TASK PROMPT:
What follows is a set of entries. Give them again exactly, without the pictures.

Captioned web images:
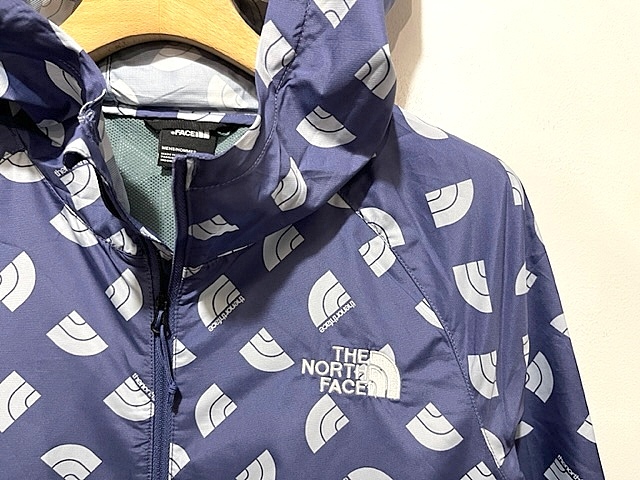 新品 正規品 USA限定 日本未発売 The North Face ノースフェイス 袖ロゴ　ワッペン付き ナイロンジャケット US-S ナイロンパーカー_画像8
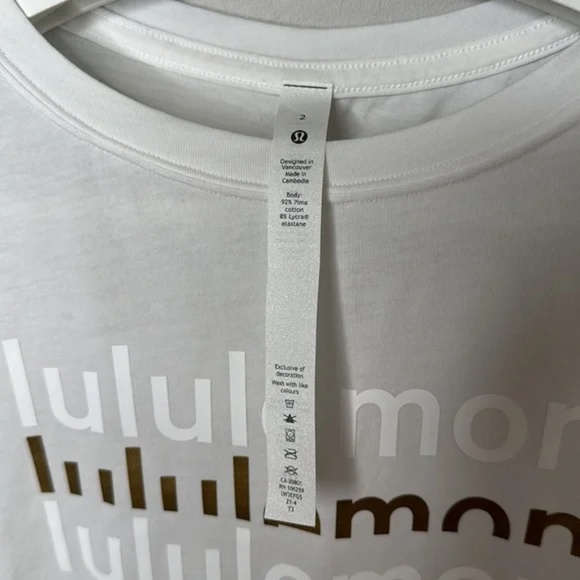 Lululemon Cortes Crop T-Shirt Logo White Special Edition - Picture 8 of 12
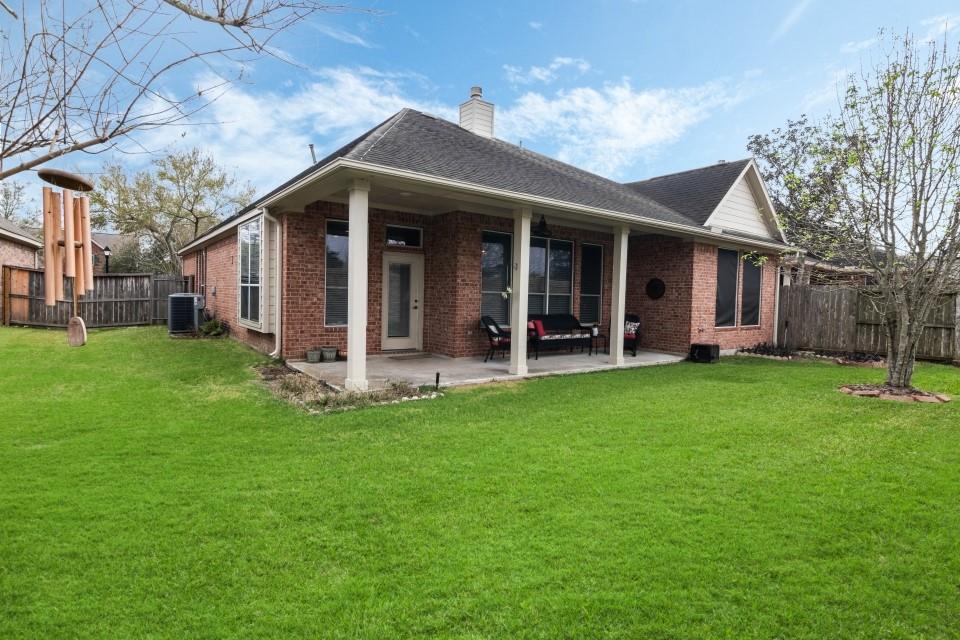 2328 S Venice Drive, Pearland, Texas image 32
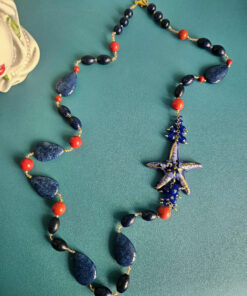 Collana Lunga con Lapis Blu, Pasta di Corallo e Stella Marina in Ceramica di Caltagirone 1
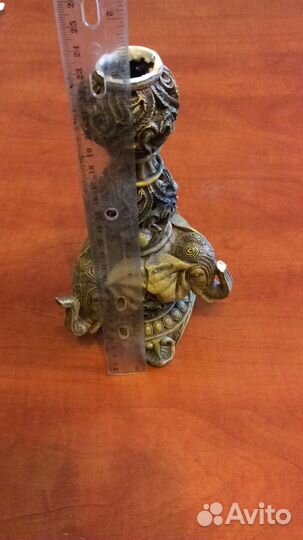 Подсвечник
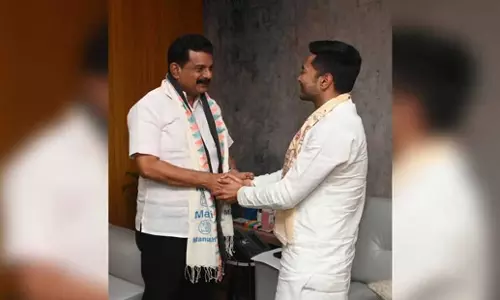 Kerala: केरल के विधायक पी वी अनवर तृणमूल कांग्रेस से जुड़ेंगे Kerala: केरल के विधायक पी वी अनवर तृणमूल कांग्रेस से जुड़ेंगे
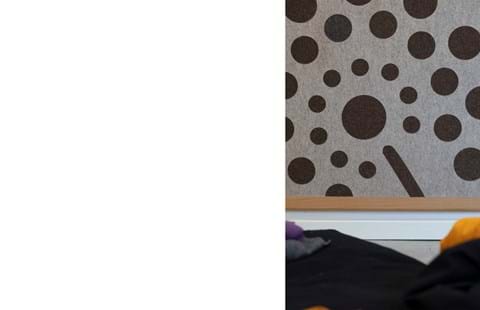 PinDot design tavle i filt på stress klinik (5)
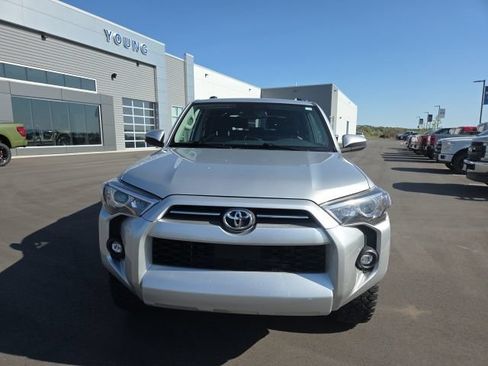 Used 2022 Toyota 4Runner SR5 AWD/4WD image 2
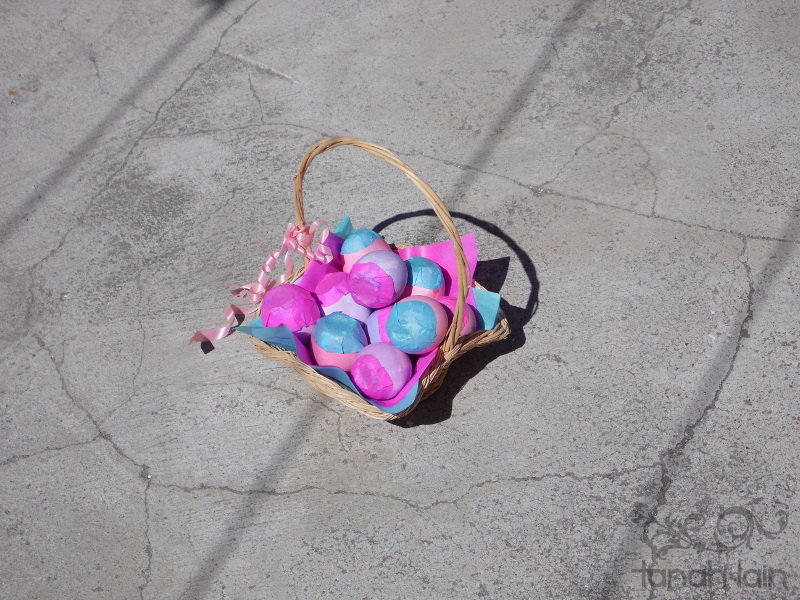 Cascarones de huevo rellenos de confeti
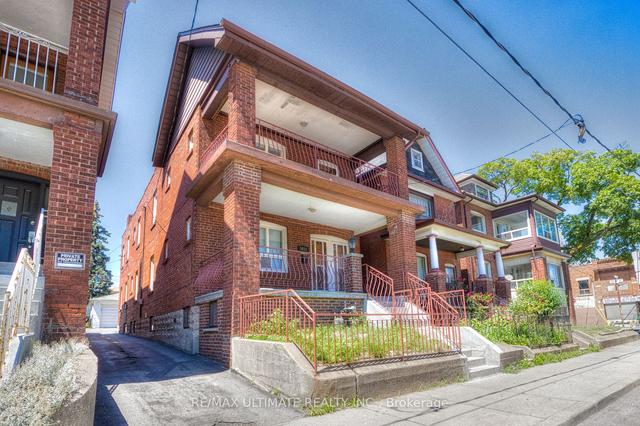 1652 Dufferin St, House detached with 5 bedrooms, 3 bathrooms and 4 parking in Toronto ON | Image 1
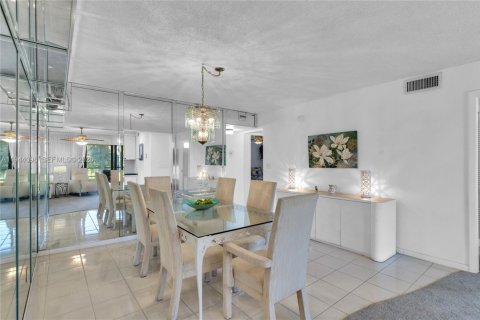 Condominio en venta en Deerfield Beach, Florida, 2 dormitorios, 97.55 m2 № 2001023 - foto 11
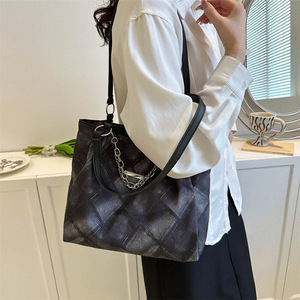 <strong>Fashion</strong> Metal Purse Frame Clutch Bag New Luxury Designer <strong>Handbags</strong> From <strong>Turkey</strong> Brand Ladies Boots Hand Bags for Women Sling Tote - Product Image 3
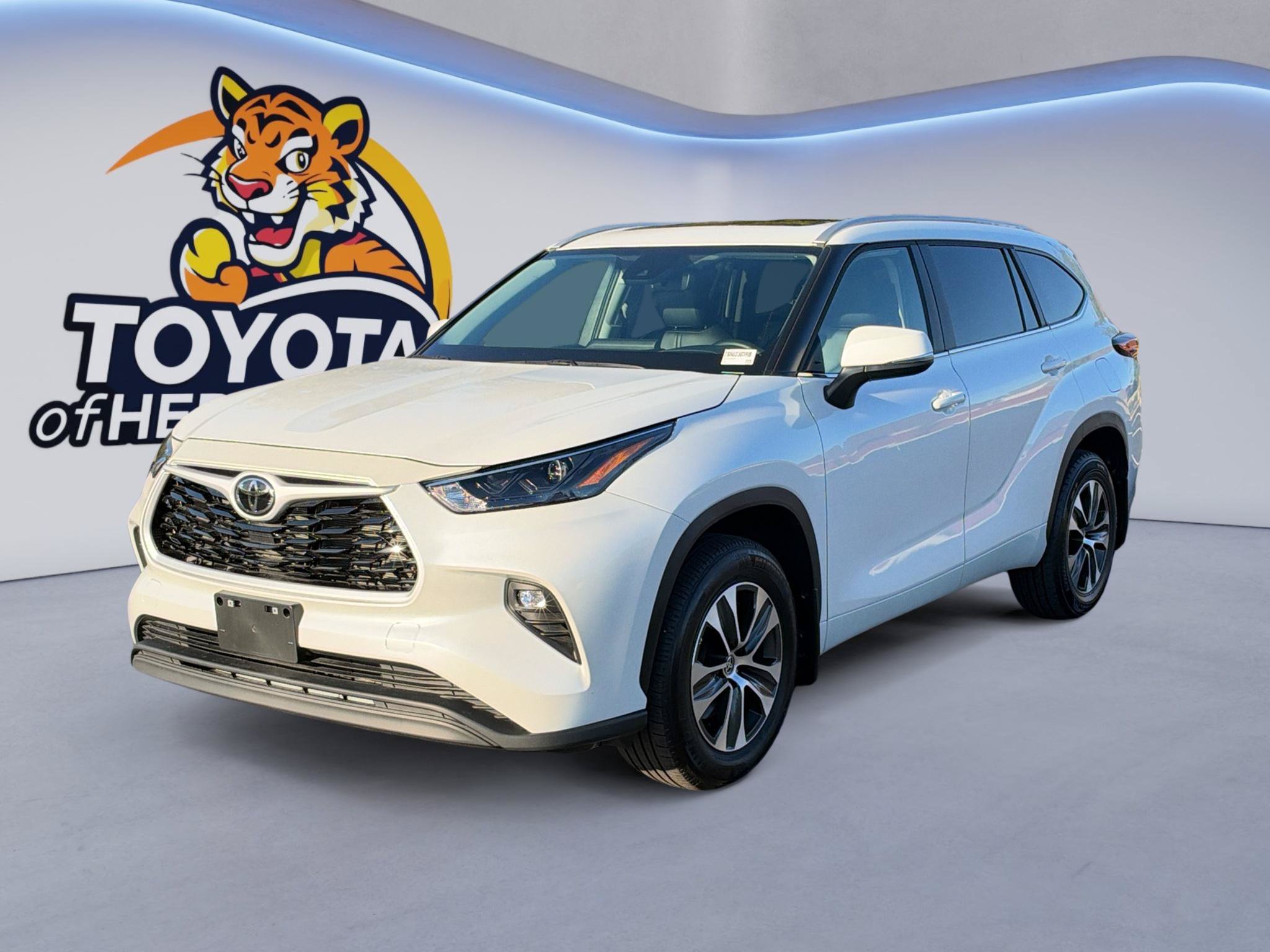 Used 2026 Toyota Highlander XLE AWD/4WD image 1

ANSWER SPACE:
 新品 正規品 USA限定 日本未発売 The North Face ノースフェイス 袖ロゴ　ワッペン付き ナイロンジャケット US-S ナイロンパーカー_画像8
 Lululemon Cortes Crop T-Shirt Logo White Special Edition - Picture 8 of 12
 2328 S Venice Drive, Pearland, Texas image 32
 Collana Lunga con Lapis Blu, Pasta di Corallo e Stella Marina in Ceramica di Caltagirone 1
 Подсвечник
 Kerala: केरल के विधायक पी वी अनवर तृणमूल कांग्रेस से जुड़ेंगे Kerala: केरल के विधायक पी वी अनवर तृणमूल कांग्रेस से जुड़ेंगे
 PinDot design tavle i filt på stress klinik (5)
 Used 2022 Toyota 4Runner SR5 AWD/4WD image 2
 Cascarones de huevo rellenos de confeti
 1652 Dufferin St, House detached with 5 bedrooms, 3 bathrooms and 4 parking in Toronto ON | Image 1
 Condominio en venta en Deerfield Beach, Florida, 2 dormitorios, 97.55 m2 № 2001023 - foto 11
 <strong>Fashion</strong> Metal Purse Frame Clutch Bag New Luxury Designer <strong>Handbags</strong> From <strong>Turkey</strong> Brand Ladies Boots Hand Bags for Women Sling Tote - Product Image 3
 Used 2026 Toyota Highlander XLE AWD/4WD image 1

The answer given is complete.